When I get to know that I was ill or when so to say it was stated that was the time to close the gates. I didn’t allow myself to be seen by anyone because I didn’t even know who I am. I wanted to be any kind of anybody else but of course I failed. I tried to be similar to others but I didn’t succeed. Obviously. I couldn’t count those persons who were persecuted from my life just because I shew somebody else not me. At that time, I started to produce various kinds of psychotic symptoms, so the control was fell apart. You cannot be just yourself even if you try to force it for some time and you become a bit depressed but you won’t change. You will be screaming and waiting for the redemption when those clothes will be taken off and those colours of your mask will be washed. You should not wait for others to do this. While you’re hiding behind those masks and your roles define you, no one will suddenly wipe your face with a cotton swab and will shout: where the hell have you been for so long? You shouldn’t choose from your roles because you are not just this or that, all of them are parts of you. Don’t lose yourself! Don’t let others define yourself. Realize in the dawn of your brand new world or in the sleepy morning or (god damn) accidentally in a delirious midday that you don’t have to meet the expectations of the others. Anyone. Finally put on those cosmetics that depicts you. Spell yourself with the magic of self-confidence and you’ll see that even on the dirty subway your self-acceptance will sparkle. You could end your day with a pleased sigh because you didn’t do anything differently than you felt deep down in your heart. After washing out the dust of the day see the same one in the mirror who went away in the morning. Even if you are tired or if not everything is really succeeded and you feel too much pressure. Surprise your exhausted soul with the peace in you.
When you learn how to handle your roles once you will realize that you no longer depend on them. If you do it in an advanced way you may define whether you have to pick up one of the manners and play a bit. The most beautiful is when you have a secret place where your soul can be pure and nude. Pooh says the home is where you can release your tummy. That is very similar to what I think. Where all these expectations don’t buzz around your head, so where and when you can say anything what you want. I go further, where you are allowed to feel what you really feel. You should have a place like this in your life. Here you can let those roles go away and step out from hypocrisy. Wear those trainers and comfy pants, you don’t have to comb your hair or even your legs can be a bit hairy and you are accepted totally. That’s what you need. That’s what you deserve. And if you have it, please be infinitely grateful for it, because you have a place where you are beloved.

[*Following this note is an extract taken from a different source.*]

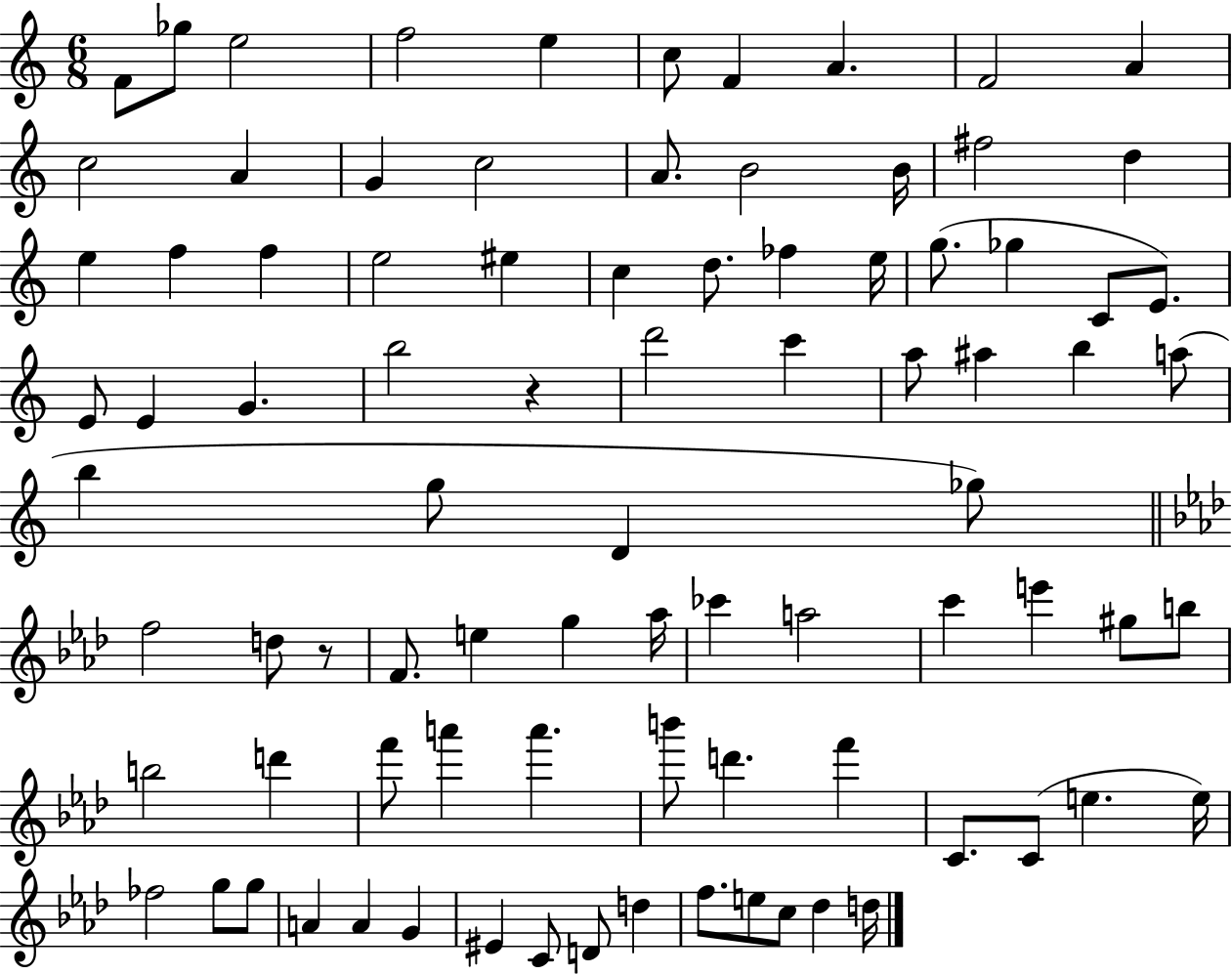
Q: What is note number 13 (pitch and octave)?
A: G4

If I let you see my face, then you are so close to me. I’m a social creature, it is said, but not only me, you too. That bastard bus driver too. He is a social creature too. All of us need acceptance, attention and other pathetic things what you cannot buy in the Tesco. This is why we have our souls. We need each other. We need love, long hugs, the feeling of togetherness, the warmth of home, because these make the base of bearing everyday life. Exploded into that stinking, stressful big world this is how you can find your place and protect yourself. Going back into our familiar nest gives me weapons to fight against those unhappy and home-searching people. The world is full of shit. I don’t watch Tv, neither the news. It’s enough to know that I must survive like you too. And for all these beautiful things I am grateful as much as I can. This is why it is wonderful. What you build up around you and who you share your inner self with; only that counts. They should be your world. Your home. No acting. Everyone is free.